# What to do with wood clad rims and no tires



## oldschool (Oct 16, 2011)

So I just found two prewar bikes thinking I could create one that I could ride.  I'm thinking about keeping the hubs and adding modern rims and tires to be able to ride.  Has anyone here ever done the conversion?


----------



## bricycle (Oct 16, 2011)

There are several folks here that have done this, and can recommend wheels/tires...I'm not one of them tho- sorry. bri.


----------



## 66TigerCat (Oct 16, 2011)

Are those 28" wheels ? For my Iver Johnson I used a set of re-chromed New Departure (Mods. D and W) on Velocity Blunt 29er (700c) disc rims. I powder coated them red. The non-machined sidewall and fairly round profile look great.

http://www.flickr.com/photos/velolab/6014623755/in/photostream/


----------



## Larmo63 (Oct 16, 2011)

*Or.....*

For those with true panache, try going to wheelfanatyk@blogspot.com for authentic Italian wood hoops.


----------



## rustyspoke66 (Oct 18, 2011)

*28" to 700c P35*

My Velocity P-35 rims just came in and I wanted to share the info. These photos show how close the size and profile of the P-35 (700c) match the 28" wood clad. Now off to see about nickel plating.


----------



## Larmo63 (Oct 19, 2011)

*I can't wait to see these nickel plated.*

Post up when they get back from being plated.


----------



## Danimal (Oct 20, 2011)

Those are near perfect. I just got a set of Velocity Blunts and they are just a little skinnier. They will look ok once they are laced up though. Now I Am waiting to see yours after nickle plating!

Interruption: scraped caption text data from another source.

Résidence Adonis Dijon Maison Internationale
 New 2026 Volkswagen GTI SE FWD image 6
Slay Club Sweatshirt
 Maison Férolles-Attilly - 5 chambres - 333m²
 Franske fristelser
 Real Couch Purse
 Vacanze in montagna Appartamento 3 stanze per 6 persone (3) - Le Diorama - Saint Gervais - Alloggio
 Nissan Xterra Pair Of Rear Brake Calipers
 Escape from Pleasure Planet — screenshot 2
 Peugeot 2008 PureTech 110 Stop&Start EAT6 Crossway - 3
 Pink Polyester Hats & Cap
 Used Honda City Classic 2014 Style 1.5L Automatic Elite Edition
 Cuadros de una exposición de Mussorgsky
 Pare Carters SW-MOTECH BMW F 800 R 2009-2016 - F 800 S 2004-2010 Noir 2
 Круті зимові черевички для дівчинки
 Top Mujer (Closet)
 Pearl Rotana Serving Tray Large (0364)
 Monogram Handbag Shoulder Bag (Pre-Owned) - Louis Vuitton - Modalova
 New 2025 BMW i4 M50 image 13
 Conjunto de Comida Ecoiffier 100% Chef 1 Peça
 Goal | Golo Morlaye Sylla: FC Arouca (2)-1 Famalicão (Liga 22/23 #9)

Btw, if you have done this a few times, care to help me out with finding the correct spokes? I know there are spoke calculators, but I don't know what my hub measurments are and I don't have a good caliper to measure with. So, I need dimmensions for a New Departure D (or DD) rear hub and a New Departure SW front hub.


----------



## rustyspoke66 (Oct 20, 2011)

I'll post some picks when they are done but I have to get the silver powder coating off first.


----------



## Iverider (Oct 21, 2011)

You can use gasket remover to strip the powdercoat. Spray it on let it sit a bit and wipe/scrape it off with a plastic scraper.


----------



## rustyspoke66 (Oct 21, 2011)

I'm headed to the store to buy some stuff to experiment with, I've heard of using the gasket remover on some other forums as well so I'll try that first.


----------



## elginkid (Oct 23, 2011)

Just take your hubs and rims to the bike shop and tell them you need spokes to lace up your wheels.  He was able to calculate everything for me, and got me the correct set of spokes.  I dropped them off to have them trued, and when he's done I'll have a set of wheels built for $115 instead of close to $200.  I didn't realize how expensive spokes were!  (DT Swiss Stainless double butted, but still)


----------



## publius (Oct 23, 2011)

*Tires for clad 28" rim bikes.*

I have been riding my early 1920's Hawthorne Trailblazer with Tufo 700x32 tubular tires. These work fine if you glue them to the rim. If you don't they can creep around and tear out the stem. Also you had better check the inner edge of your cladding because I had a sharp edge of the cladding eat into the sidewall of the tire and cause a blow out. The Victoria brand also has a ridge on the inside diameter and is almost impossible to center on the clad rim so I don't get them any more. Also when buying these tires sometimes they are listed as 28"x32mm or 34mm. These work also, but were rather a stretch to get onto the rim. They inflated fine afterwards and look great. Hope this helps. Paul


----------



## Luckykat32 (Oct 26, 2011)

*Tufo*

Publius,  do you have any pictures of the tufo tires mounted to your metal clad rims?


----------